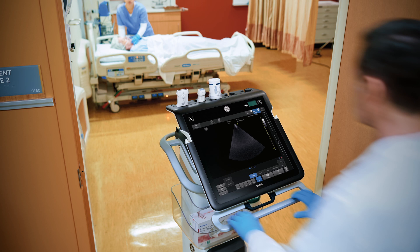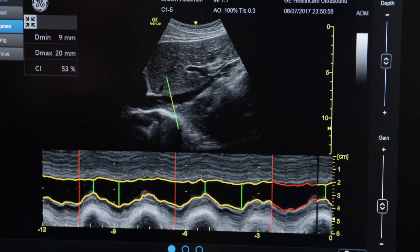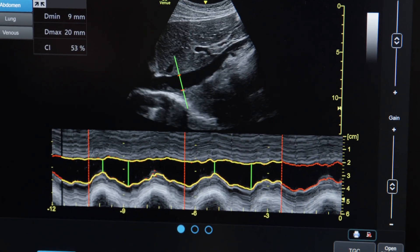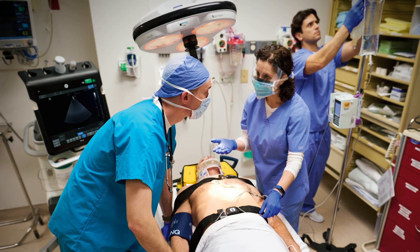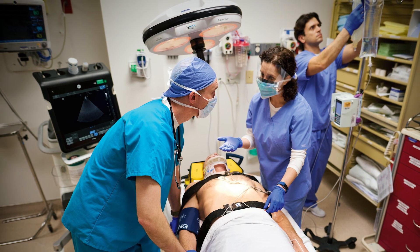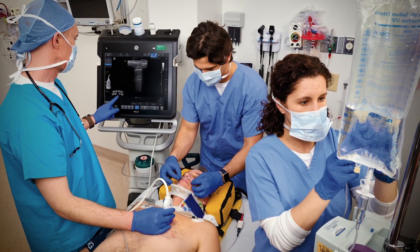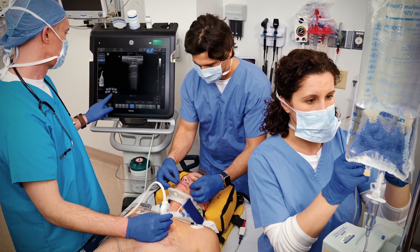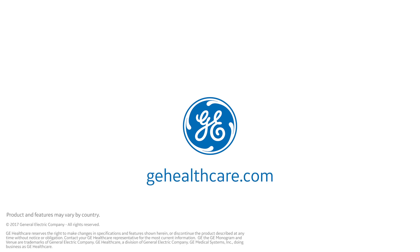Venue Ultrasound System — a system designed to help you quickly get the information you need to make fast decisions when triaging patients, including those in shock. Learn more at GEHealthcare.com.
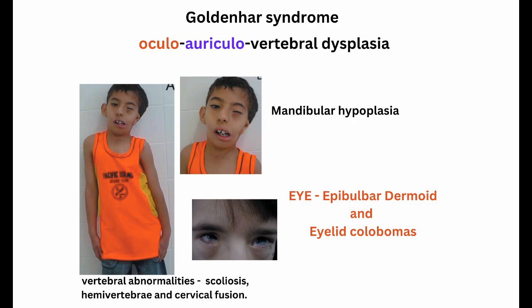Goldenhar syndrome is otherwise called oculoauriculovertebral dysplasia. The name itself points to the abnormalities. 'Ocula' refers to the eye — specifically epibulbar dermoid tumors and eyelid colobomas.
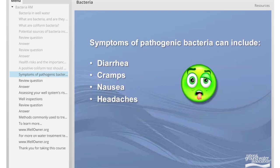Some, but not all, symptoms of pathogenic bacteria can include diarrhea, cramps, nausea, and headaches.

_ACTIVITY_: A faithful copy is needed: reproduce all of the data above, leaving the pictures out.

_SOLUTION TO THIS TASK_:
Venue Ultrasound System — a system designed to help you quickly get the information you need to make fast decisions when triaging patients, including those in shock. Learn more at GEHealthcare.com.
Goldenhar syndrome is otherwise called oculoauriculovertebral dysplasia. The name itself points to the abnormalities. 'Ocula' refers to the eye — specifically epibulbar dermoid tumors and eyelid colobomas.
Some, but not all, symptoms of pathogenic bacteria can include diarrhea, cramps, nausea, and headaches.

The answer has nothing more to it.